Hi, I am attempting to train a Siamese neural network that defines a particular embedding function f(x), while performing optimization simultaneously with a clustering model (Gaussian mixture model) on that embedding space.

I want the NN weights to be updated with respect to both a loss function that measures the quality of the embedding, but also the Gaussian mixture model variational loss (ELBO).

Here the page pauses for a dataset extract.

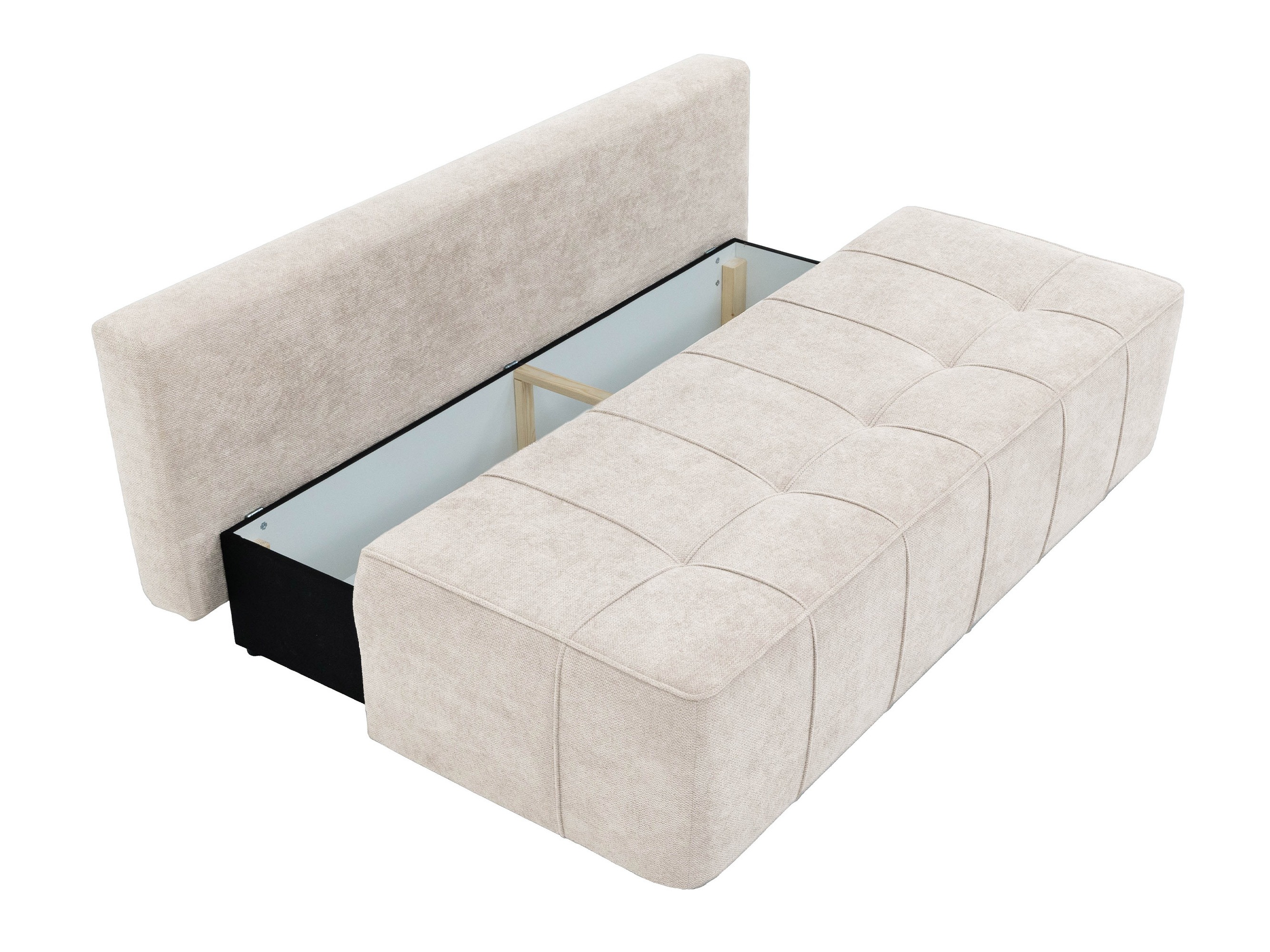 Divano letto Vineland 175 (Mela 75)
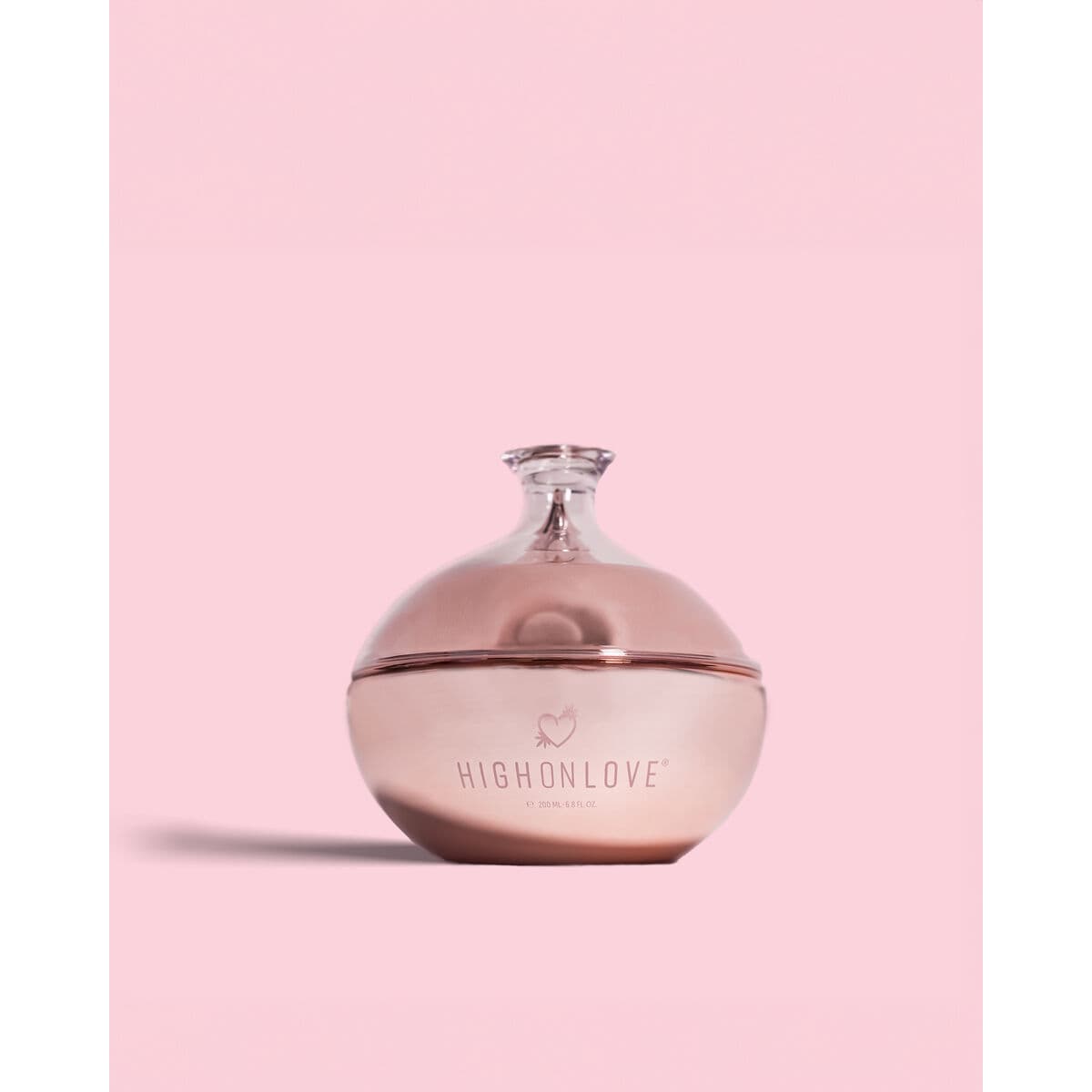 Körpercreme High on Love Cannabis 200 ml - Image 17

However, when I call loss.backward(), I get the following error:

`RuntimeError: Trying to backward through the graph a second time, but the buffers have already been freed. Specify retain_graph=True when calling backward the first time.`

Here is my code. I’ve omitted the GMM code and a few other functions are they are about 1000 lines and don’t seem particularly helpful to include.

```
class Siamese(nn.Module):
def __init__(self, input_size):
super(Siamese, self).__init__()
self.hidden = nn.Linear(input_size, 2)
self.out = nn.Linear(2, 2)
def forward_one(self, x):
x = self.hidden(x)
x = self.out(x)
return x
def forward(self, x1, x2):
out1 = self.forward_one(x1)
out2 = self.forward_one(x2)
dis = torch.norm(out1 - out2, dim=1)
return dis
data, labels = load_dataset()
net = Siamese()
net_optim = torch.optim.Adam(net.parameters(), lr=0.05, weight_decay=1)
# initialize weights, means, and covariances for the Gaussian clusters
concentrations, means, covariances, precisions = initialization(net.forward_one(data))
for i in range(1000):
net_optim.zero_grad()
pairs, pair_labels = pairGenerator(data, labels) # samples some pairs of datapoints
outputs = net(pairs[:, 0, :], pairs[:, 1, :]) # computes pairwise distances
embedding = net.forward_one(data) # embeds all data in the NN space
log_prob, log_likelihoods = expectation_step(embedding, means, precisions, concentrations)
concentrations, means, covariances, precisions = maximization_step(embedding, log_likelihoods)
loss = FullLoss(outputs, pair_labels, log_likelihoods, log_prob, precisions, concentrations)
loss.backward()
net_optim.step()
```

FullLoss is a loss function computed based on pairwise distances in the NN embedding space, in addition to the Gaussian mixture model loss (based on likelihoods relative to the current settings of the weights, means, and covariances).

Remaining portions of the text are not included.